TASK ITEM:
Using the entries below, copy exactly each line from the line with "Elbe nehrinin kıyısındaki Dresden şehrinde" up to and including the line with "Audi A6L 2020", with every picture left out.

MATERIAL FOR THIS TASK:
-=-=-

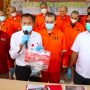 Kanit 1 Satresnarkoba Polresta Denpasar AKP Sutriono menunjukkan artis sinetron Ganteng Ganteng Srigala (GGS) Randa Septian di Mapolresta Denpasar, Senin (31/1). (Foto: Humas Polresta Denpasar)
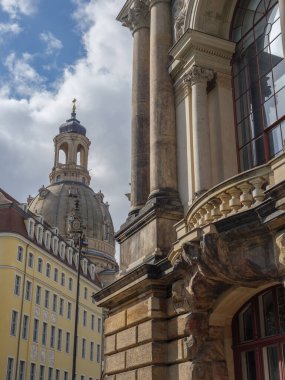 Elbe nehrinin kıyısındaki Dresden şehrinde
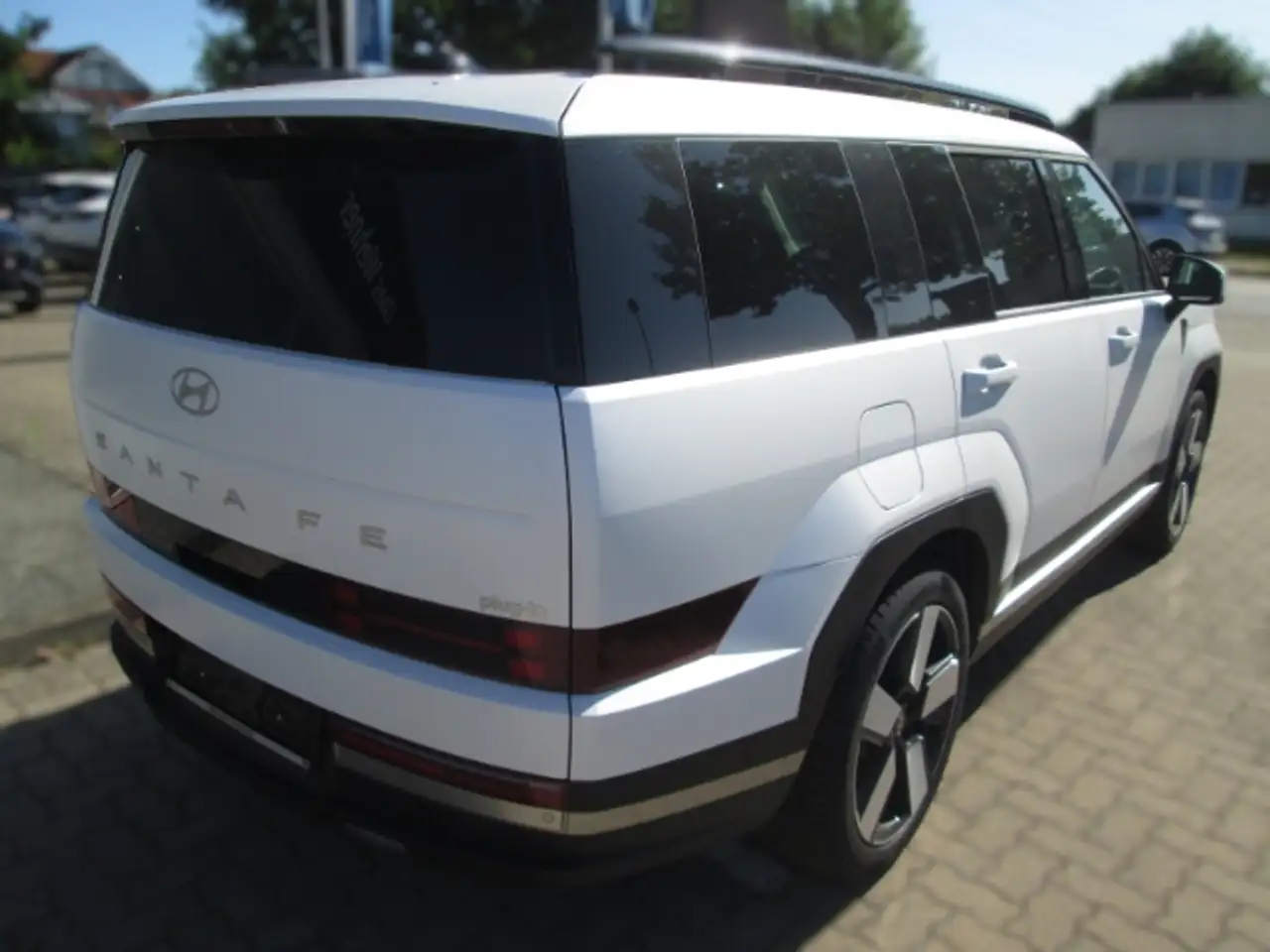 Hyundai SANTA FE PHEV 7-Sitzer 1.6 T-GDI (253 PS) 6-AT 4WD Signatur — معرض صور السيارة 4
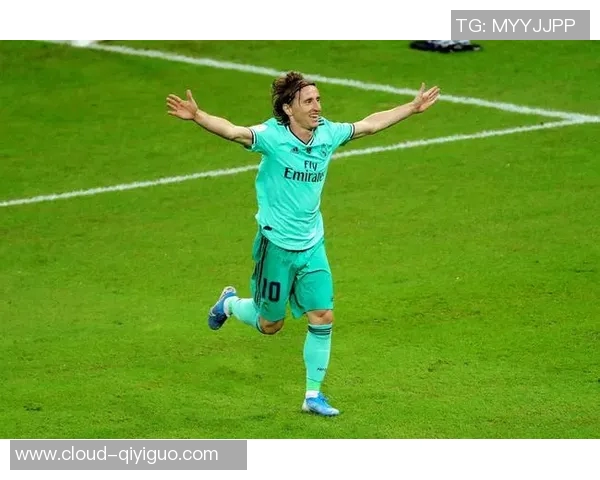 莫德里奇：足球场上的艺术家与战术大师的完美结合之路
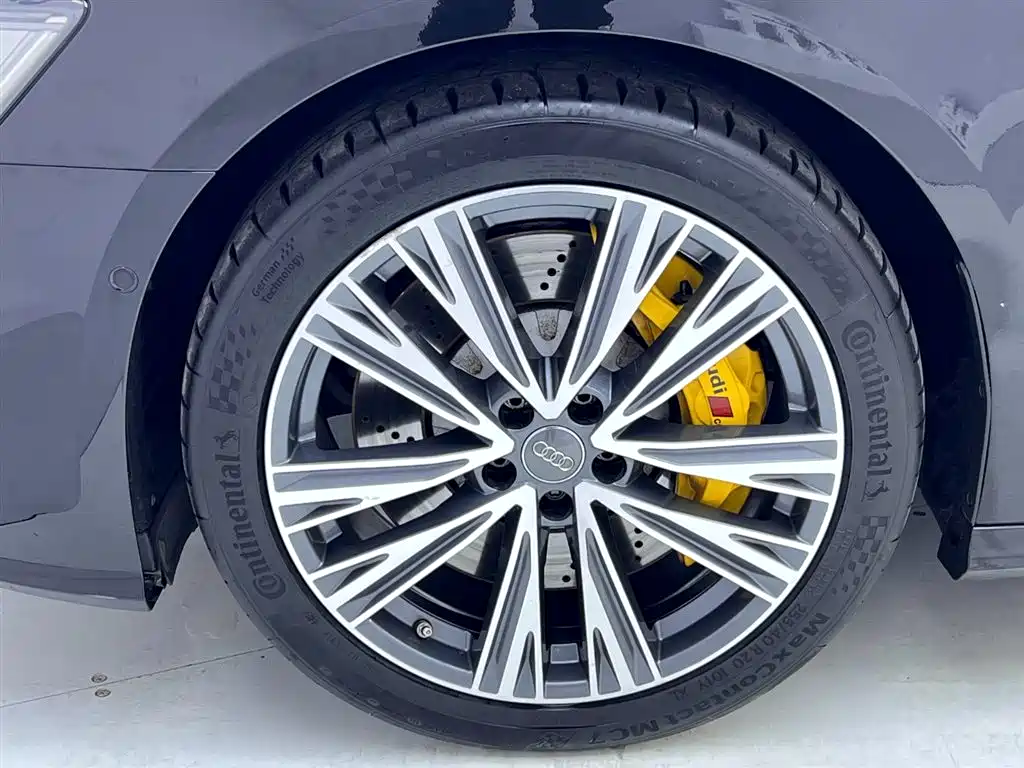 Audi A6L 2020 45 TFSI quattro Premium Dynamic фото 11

-=-=-

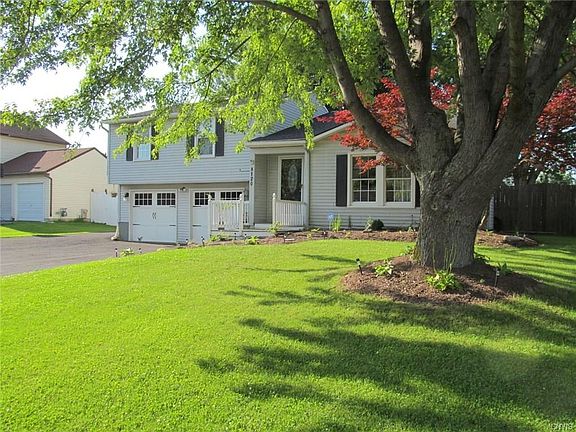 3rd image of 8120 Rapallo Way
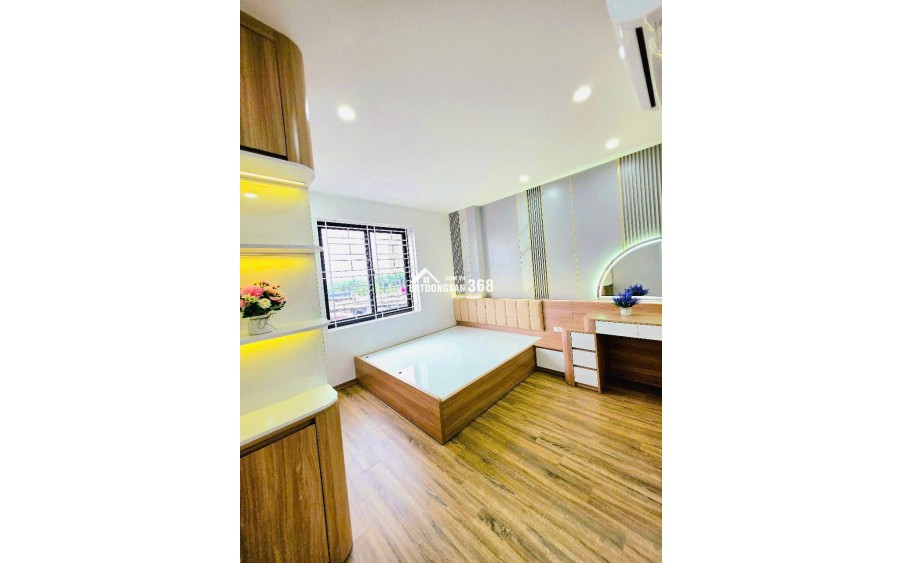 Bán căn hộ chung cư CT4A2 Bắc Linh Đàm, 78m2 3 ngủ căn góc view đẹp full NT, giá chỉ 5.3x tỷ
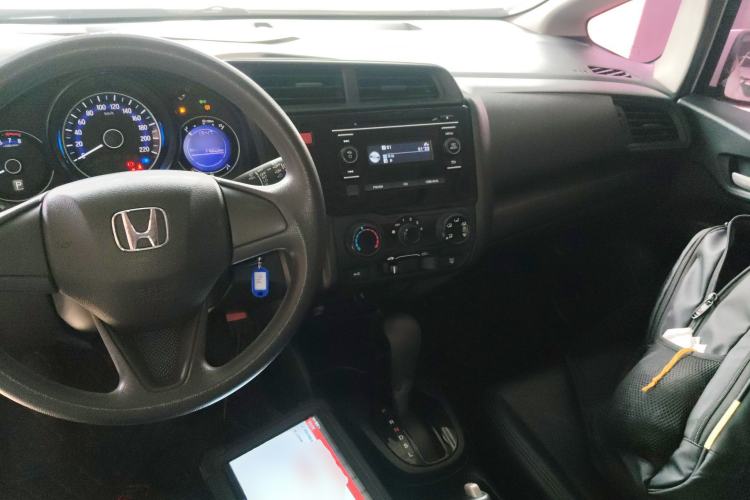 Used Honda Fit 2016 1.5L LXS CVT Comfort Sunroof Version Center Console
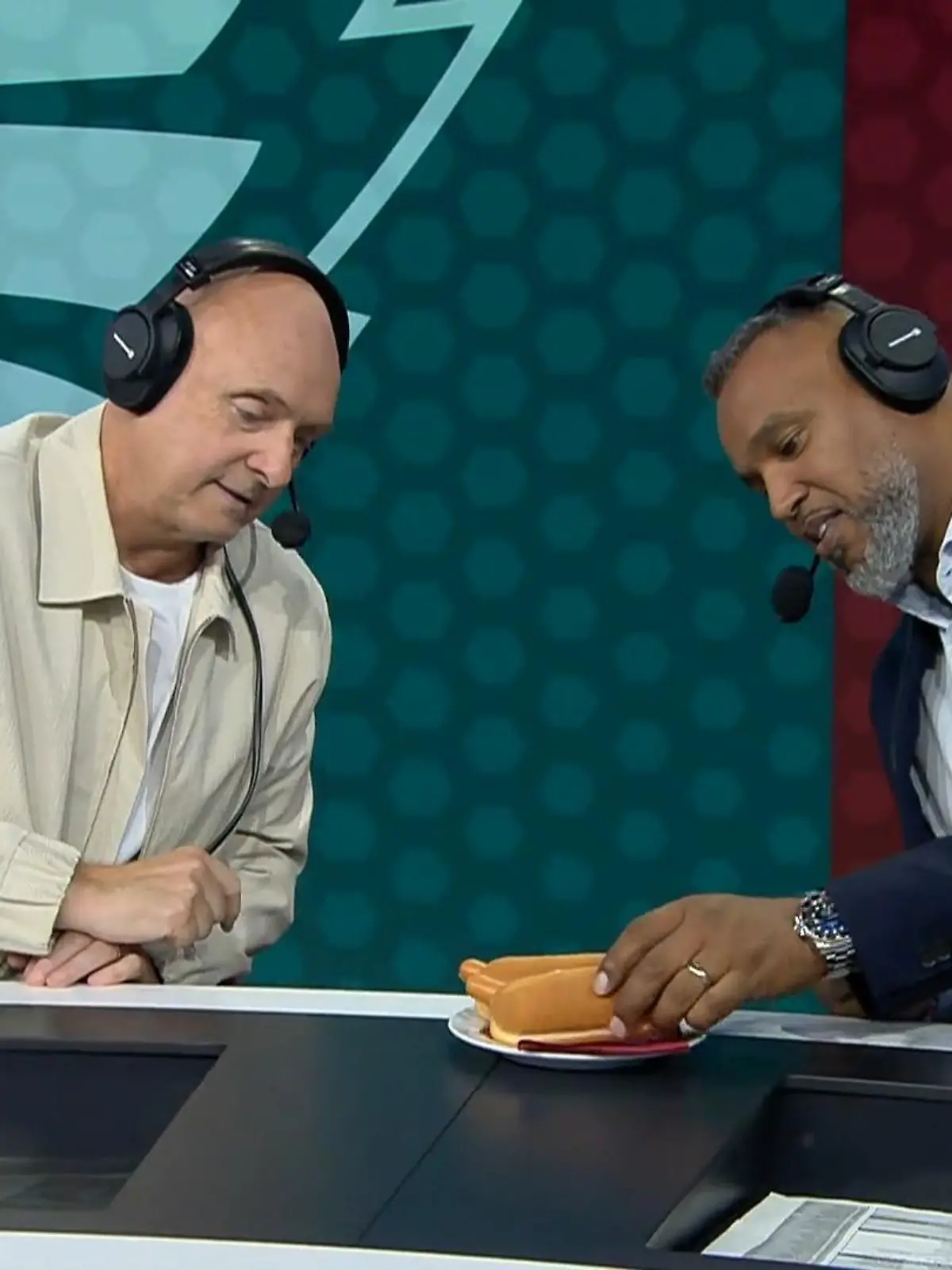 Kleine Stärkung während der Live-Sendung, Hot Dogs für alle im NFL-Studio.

-=-=-

ANSWER TO THE PROBLEM:
 Elbe nehrinin kıyısındaki Dresden şehrinde
 Hyundai SANTA FE PHEV 7-Sitzer 1.6 T-GDI (253 PS) 6-AT 4WD Signatur — معرض صور السيارة 4
 莫德里奇：足球场上的艺术家与战术大师的完美结合之路
 Audi A6L 2020 45 TFSI quattro Premium Dynamic фото 11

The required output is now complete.